For agent system prompts, utilise clear section dividers. For example:

<task_instructions>
 Your core task description here
</task_instructions>

<constraints>
 Hard rules the agent must follow
</constraints>

<context>
 Background information
</context>

Structured formatting provides the model with explicit structural cues regarding the type of content included in each section as opposed to relying upon the model to infer boundaries based upon a block of text.

Reiterate Key Constraints

If there are constraints that must be preserved across a lengthy session (“never modify files outside the src/ directory” or “always write tests before implementing”), reiterate them. Include them in the system prompt, describe them in your tool definitions, and periodically re-inject them.

While this is a brute-force method, it is effective. You are combating attention dilution by amplifying the signal of critical instructions.

Clear Between Tasks

This is the most basic and least utilised method.
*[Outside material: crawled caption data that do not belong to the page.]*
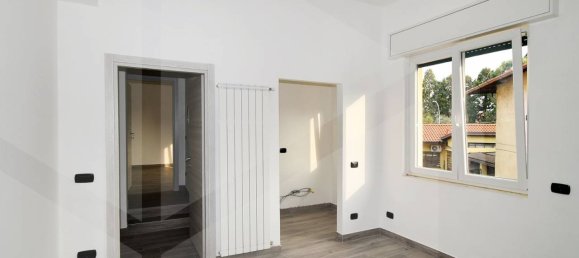 Apartamento de 2 divisões em Parabiago, Italy N.º 23817 3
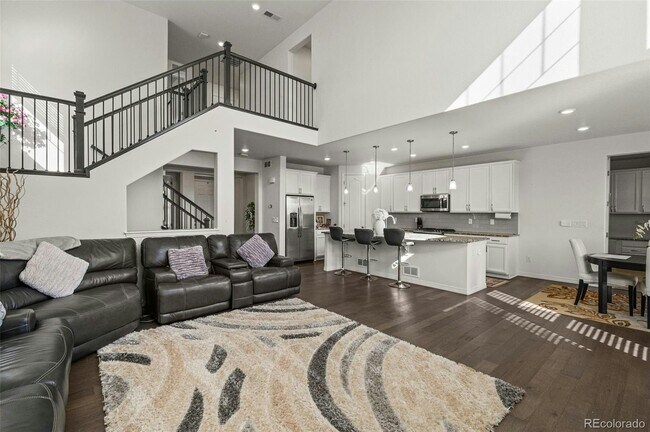 Building Photo - 14874 Chicago St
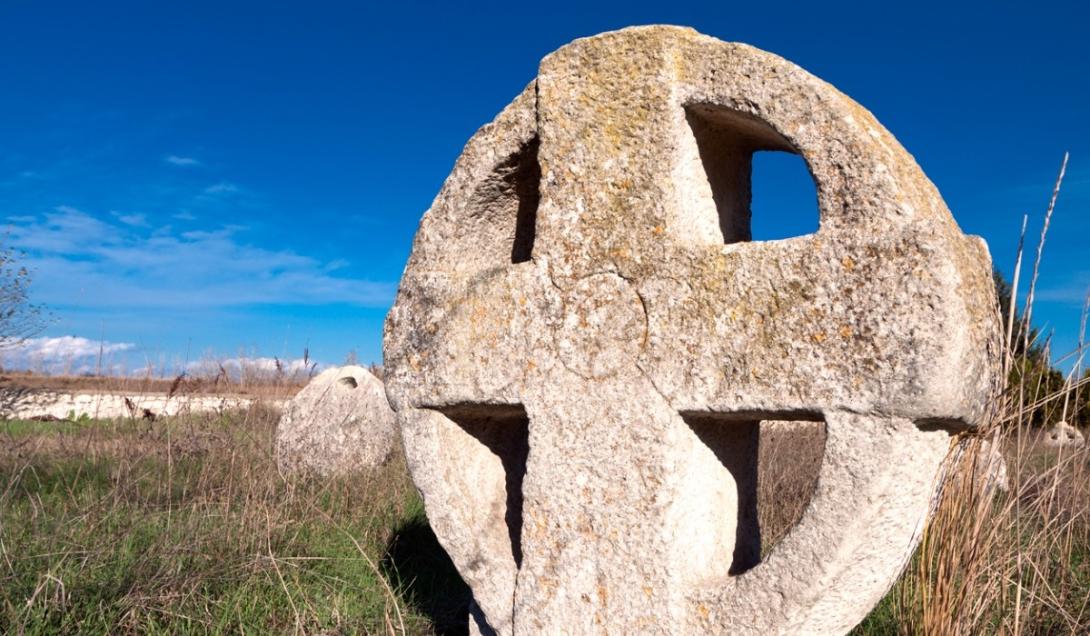 Antigos túmulos de cavaleiros templários são descobertos no Reino Unido -0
Once you transition from one task to another task that is entirely unrelated, clear the context. The previous task’s file contents, error messages, and reasoning are irrelevant to the subsequent task.

In Claude Code: /clear when transitioning tasks. /rename first if you desire to locate the session later, then /resume to resume to it. Old context wastes tokens on each successive message and actively degrades quality.

Maintain Tools Minimally

Each tool definition is retained in context for the duration of the session regardless of whether or not the tool is used. If you have 20 MCP servers connected but require only 3 of the servers to accomplish the current task, you are wasting context on the 17 sets of tool definitions.
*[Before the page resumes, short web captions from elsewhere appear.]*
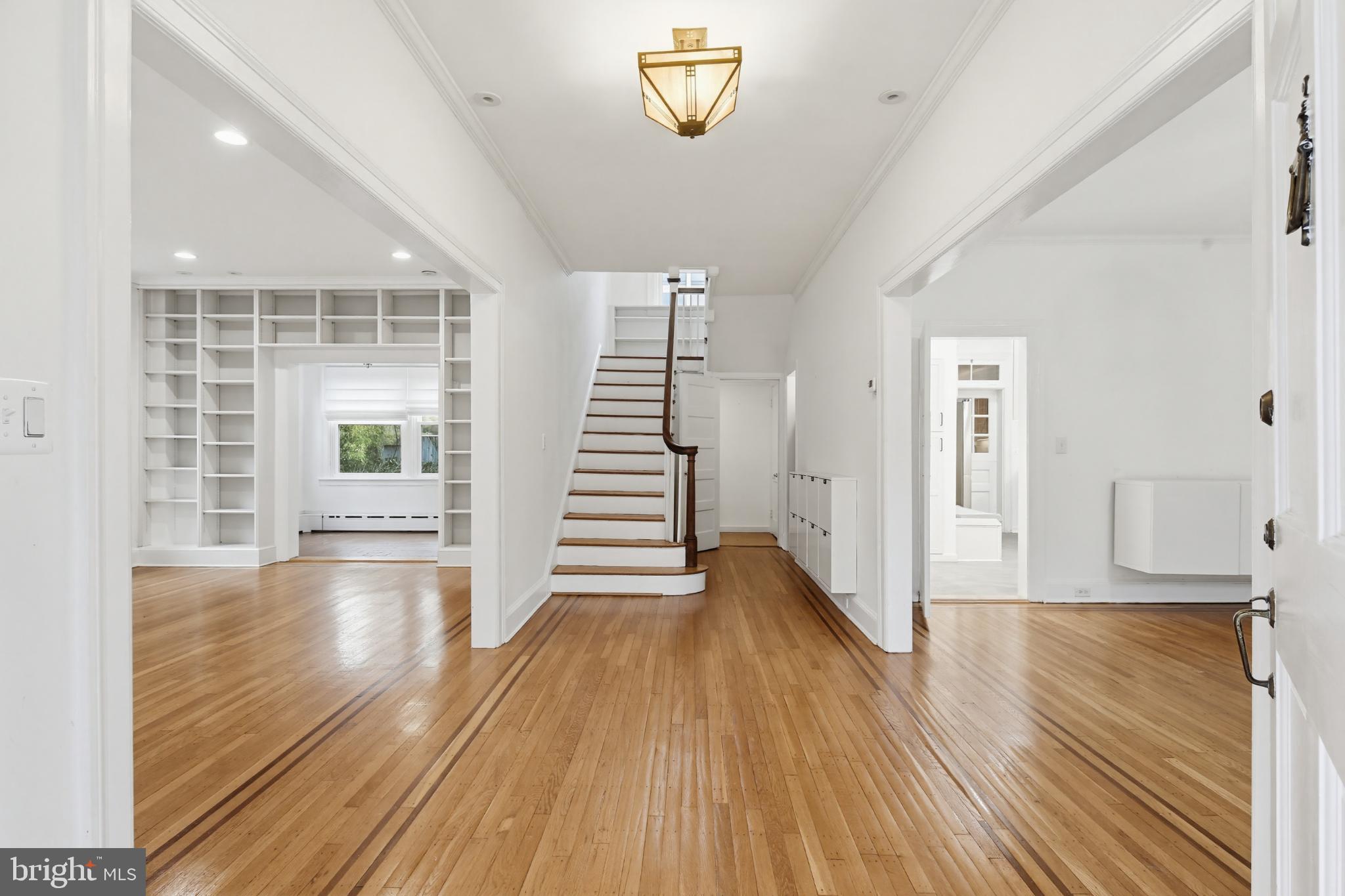 TUSCANY-CANTERBURY - Residential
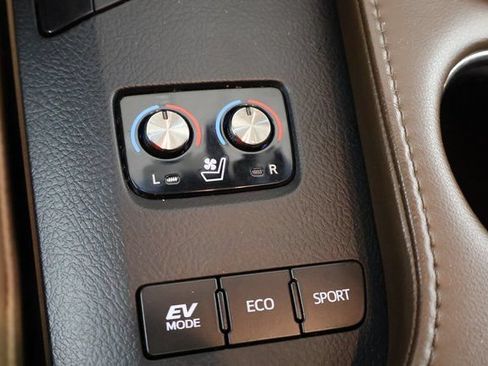 Used 2013 Toyota Avalon Limited w/ Technology Pkg FWD image 20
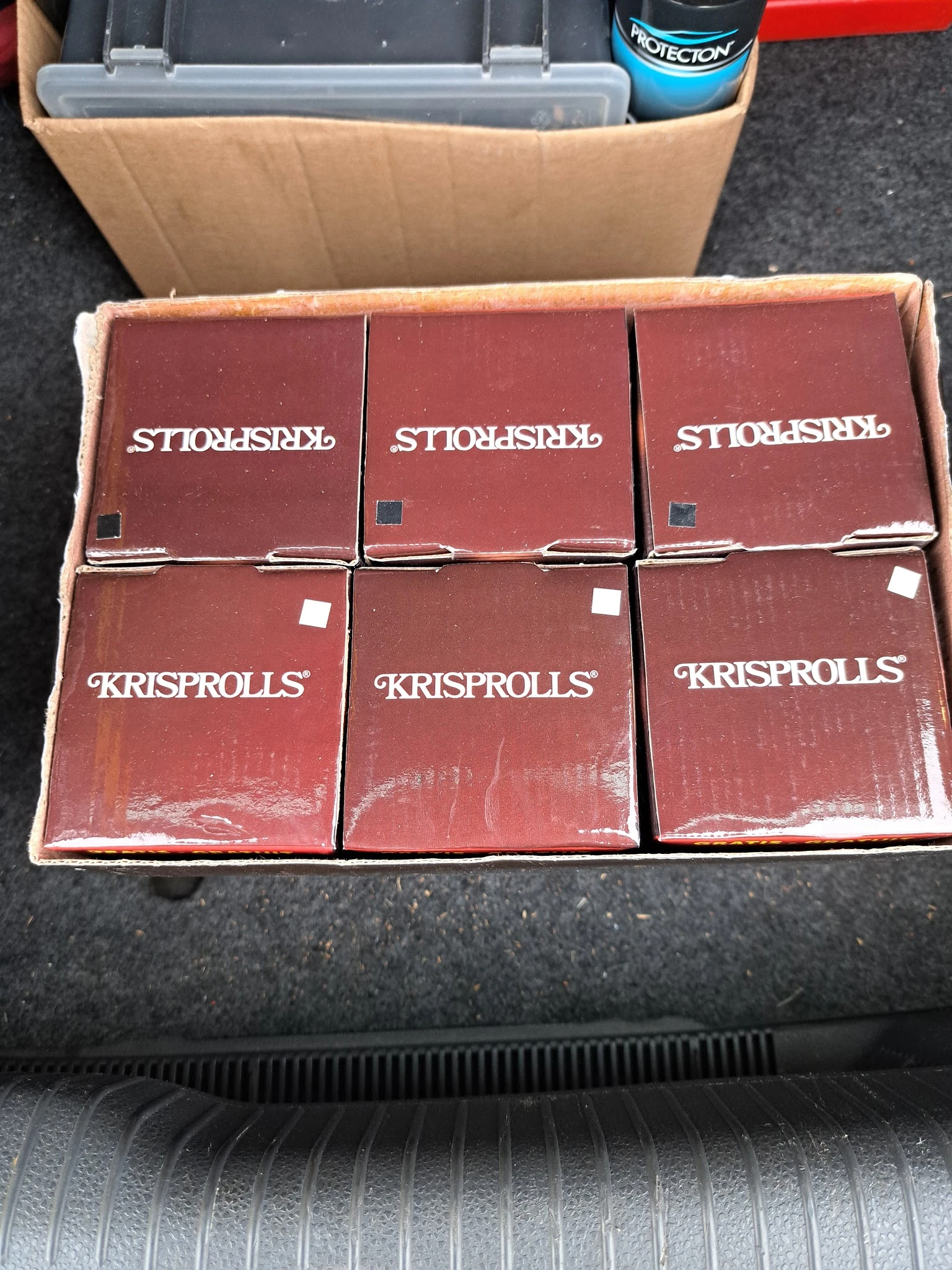 Zes verpakte dozen Krispolls in rood karton in een doos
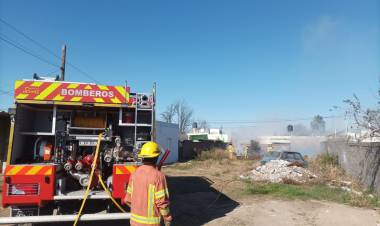 Intensa mañana de martes para los bomberos de la ciudad
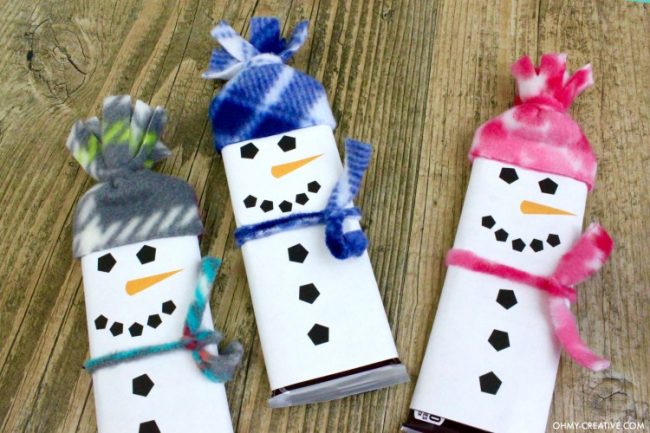Adorable Snowman Candy Bar Treats with Free Printable Snowman Template Wrappers - a perfect kids treat for friends, classroom treat or stocking stuffer - a great Christmas kids craft too! OHMY-CREATIVE.COM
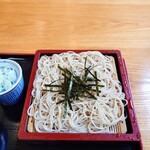 やぶ善 - しっかりと冷たい水で締められた、コシのある蕎麦。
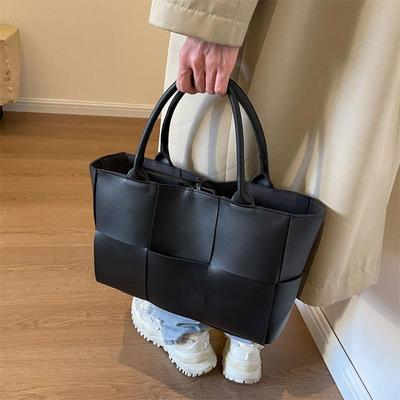 Dámská pletená taška přes rameno 2025 s velkou kapacitou - Vysoce kvalitní módní tote taška pro dojíždění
Claude Code already addresses this issue — whenever the MCP tool definitions exceed 10% of the context window, Claude Code automatically delays loading the tool definitions and loads them on demand. For custom agent systems, be deliberate regarding the tools that are accessible to each task.
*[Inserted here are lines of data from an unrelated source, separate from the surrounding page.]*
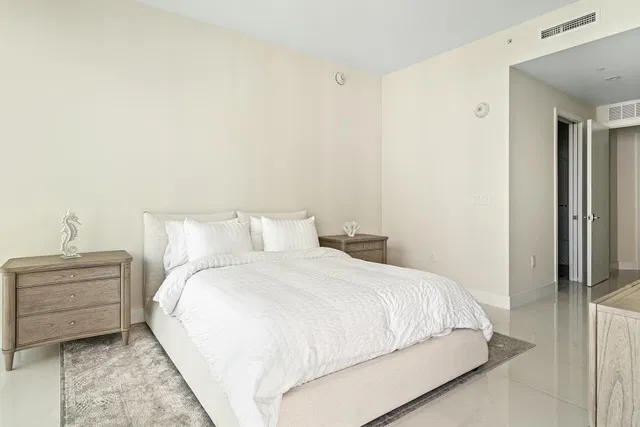Amrit Ocean Resort & Residences Unit H-1409 photo 11
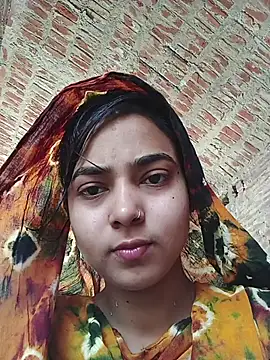 Snapshot of Simran_143 chatting on 06/19/26, 04:06 Simran 143 online show from 06/19/26, 04:06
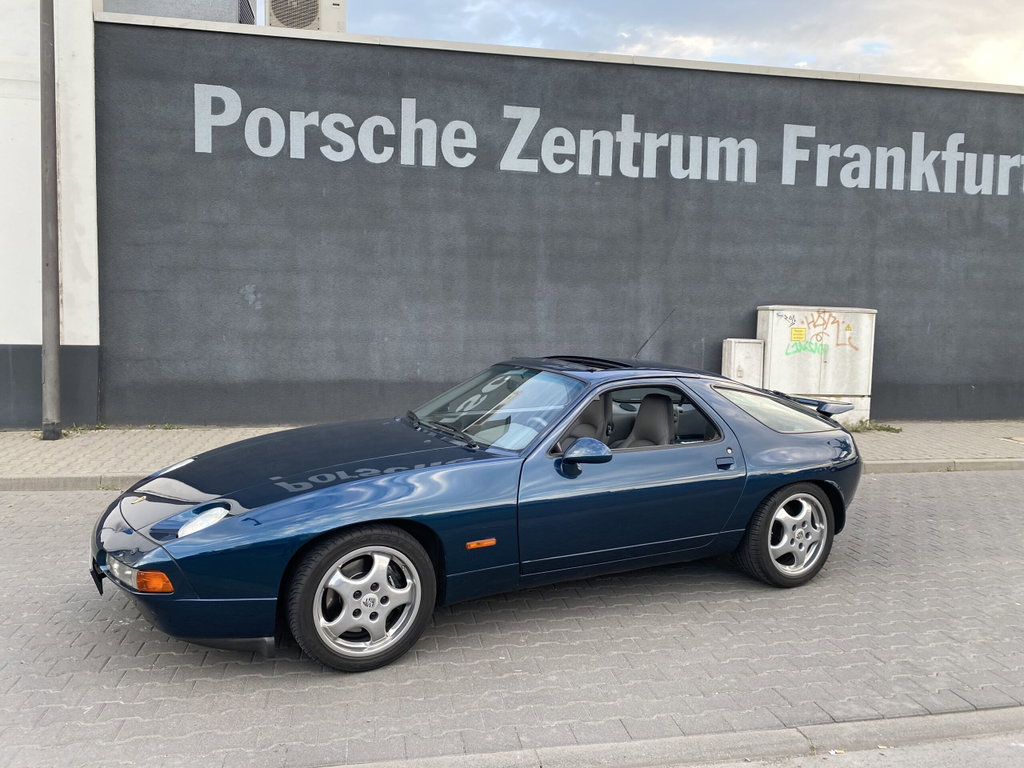 Porsche 928 GTS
Implications for Agent Developers

The common theme among every study reviewed thus far is: the precision of the items included in the context window is significantly more important than the size of the context window itself. Additional context is not necessarily advantageous. High-signal context is always preferable to low-signal context.

Anthropic’s phrasing encapsulates the concept well — identify the smallest collection of high-signal tokens that maximise the probability of the desired outcome.

For developers creating agent workflows, this translates to the following architectural choices: create isolated sub-agent context, compress aggressively, retrieve just-in-time instead of preloading, and optimise your orchestration such that each phase of work operates within a clean, focused set of tokens.

Although the models are becoming more adept at handling long context windows, the architectural restriction is still present and will not disappear anytime soon. Rather than hope larger context windows will solve the issue, develop solutions that address the restriction and integrate them into your production environments.

If you wish to delve further into the research, the principal studies to review are Liu et al.’s “Lost in the Middle” (arXiv:2307.03172), Chroma’s “Context Rot” report at research.trychroma.com/context-rot, and Anthropic’s context engineering post at anthropic.com/engineering/effective-context-engineering-for-ai-agents.